Schließlich spricht gegen die Annahme einer Rückgängigmachung des ursprünglichen Kaufvertrages auch, dass nicht das gesamte ursprünglich gezahlte Entgelt, sondern nur ein Teilbetrag erstattet wurde und dass die Klägerin im Regelfall nicht prüfte, ob derjenige, der ihr die Verfügungsmacht an den gebrauchten Kartons verschaffte, dieselbe Person war, die zuvor bei ihr die Kartons erworben hatte, oder von dieser zur Rückgabe legitimiert worden war.

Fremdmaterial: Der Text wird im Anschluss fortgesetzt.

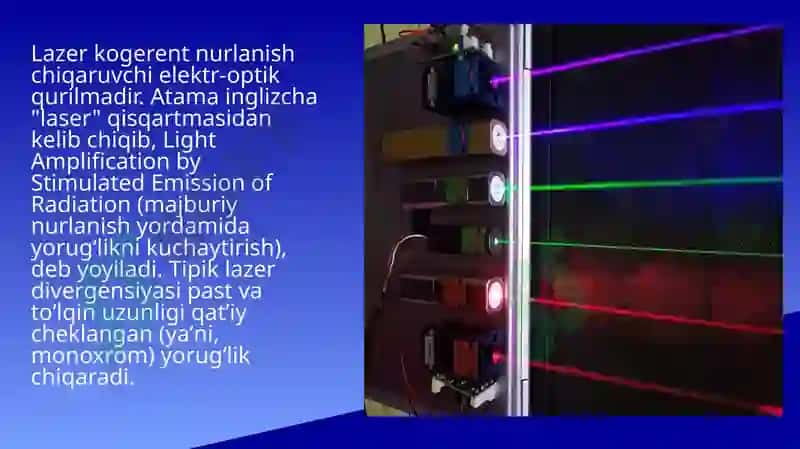 Lazerlarning fan va texnikada qo’llanilishi 2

Die Rückvergütungen für die gebrauchten Kartons stellen sich auch nicht als Entgeltminderungen im Sinne des § 17 Abs. 1 Satz 1 UStG für die ursprünglichen Kartonlieferungen dar, weil dies voraussetzen würde, dass die Rückvergütungen nicht zugleich Entgelt für eine eigenständige Leistung der Kunden der Klägerin sind. Im Streitfall erhält die Klägerin jedoch als Gegenleistung für die Rückvergütungen die gebrauchten Kartons, die sie ihrerseits mit einem Aufschlagsatz von 1,50 DM erneut veräußerte. Darin unterscheidet sich der Streitfall von anderen Fällen der Rückvergütung, in denen die Rechtsprechung von Entgeltminderungen ausgegangen ist. Ferner hat die Klägerin im Regelfall nicht geprüft, ob derjenige, an den sie die Vergütung für die Kartonrückgabe auszahlte, dieselbe Person war, die zuvor bei ihr die Kartons erworben hatte, oder von dieser zur Rückgabe legitimiert worden war.